Matthew Carley (born 21 December 1984) is an English rugby union referee representing the Rugby Football Union. He is a regular referee in the English Premiership and has refereed games at European level.

==Refereeing career==
Started playing rugby at Deal & Betteshanger Rugby Club. Carley started refereeing at the age of 16, taking charge of Aylesford 3rds v Maidstone 4ths where he was obliged to give his first yellow card to the Maidstone prop, Rob Lindsay, following Lindsay punching a member of the opposite team. In September 2004 he was first person to be offered a RFU refereeing scholarship at the University of Gloucestershire, which ran alongside his sports science degree. After graduating, he returned home and joined the RFU's South East Group of referees ahead of the 2008–09 season. In 2010, Carley was promoted to the National Panel of Referees where he started to referee at National 1 and 2 level and Championship. That same year, he debuted on the World Sevens Series in Dubai.

During the 2012–13 RFU Championship, Carley became the first ever referee in the world to officiate a professional game wearing "RefCam" when he took charge of the Newcastle Falcons and London Scottish. On 4 May 2013, he officiated his first Premiership game, taking charge of London Welsh and Worcester Warriors. Carley later became the first referee to gain promotion from the Referee Academy into a full-time referee.
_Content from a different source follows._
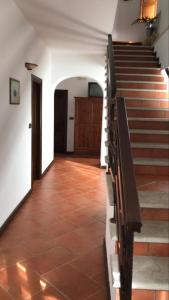 a hallway with stairs in a house at Agriturismo Genovesi in Alvignano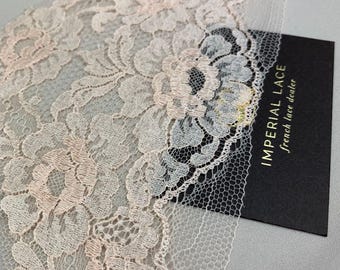 May include: Close-up of a delicate, pale pink lace trim with floral patterns. The lace is intricately designed with a scalloped edge. A black card with the text "IMPERIAL LACE french lace dealer" is partially visible.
Three months into his first season at premiership level, Carley made his European debut taking charge of Cavalieri Prato home game against Lusitanos XV during the 2013–14 European Challenge Cup. In November 2014, Carley had his first taste of international rugby when he took charge of a RFU Championship XV against Canada. Several months later he officiated his first international, Portugal v Spain in the European Nations Cup. During the 2015/16 season, Carley became a regular referee at Premiership level and debuted in the European Rugby Champions Cup refereeing Munster against Benetton Treviso. That same season, he took charge of a 2015–16 European Rugby Challenge Cup quarter final and the second leg of the 2015–16 RFU Championship final.
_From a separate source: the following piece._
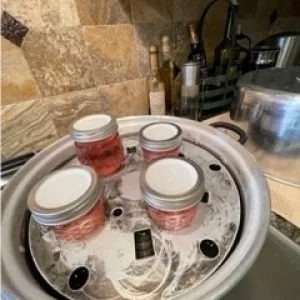 Filled jars in steam canner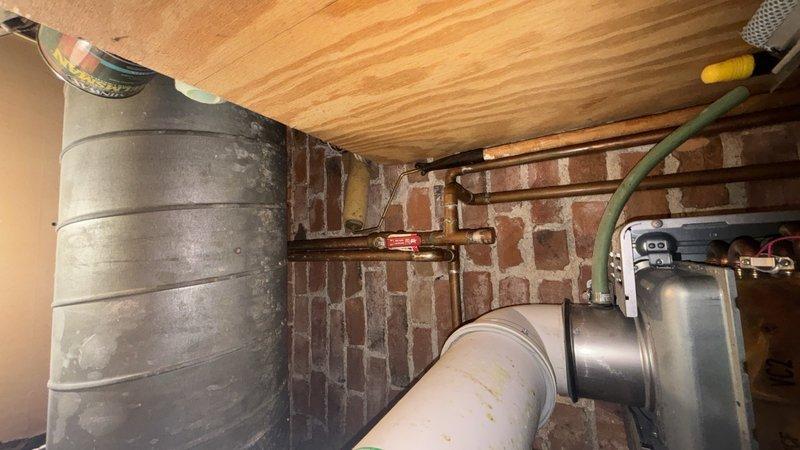 Installed service ports on Rinnai RL75 tankless water heater unit located in basement utility area. Technician coordinated availability and completed the installation, which enables future maintenance access and servicing of the unit's isolation valves for flushing and descaling procedures.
He took charge of his first World Rugby appointed match, refereeing the United States against Russia in June 2016. In November 2016, he refereed his first Tier 1 nation, officiating Scotland's clash against Georgia. During the 2017 Six Nations Championship, he made his first Six Nations appearance, acting as assistant referee to John Lacey during Scotland's game against Wales and subsequently has taken charge of his first Tier 1 International Test match at Murrayfield Stadium refereeing Scotland Vs New Zealand on 18 November 2017. In 2019, Carley was appointed to the 2019 Rugby World Cup as an assistant referee and referee of the 2023 Rugby World Cup.

In 2024, Carley was appointed as the referee for the Investec Champions Cup Final between Leinster Rugby and Stade Toulousain at the Tottenham Hotspur Stadium.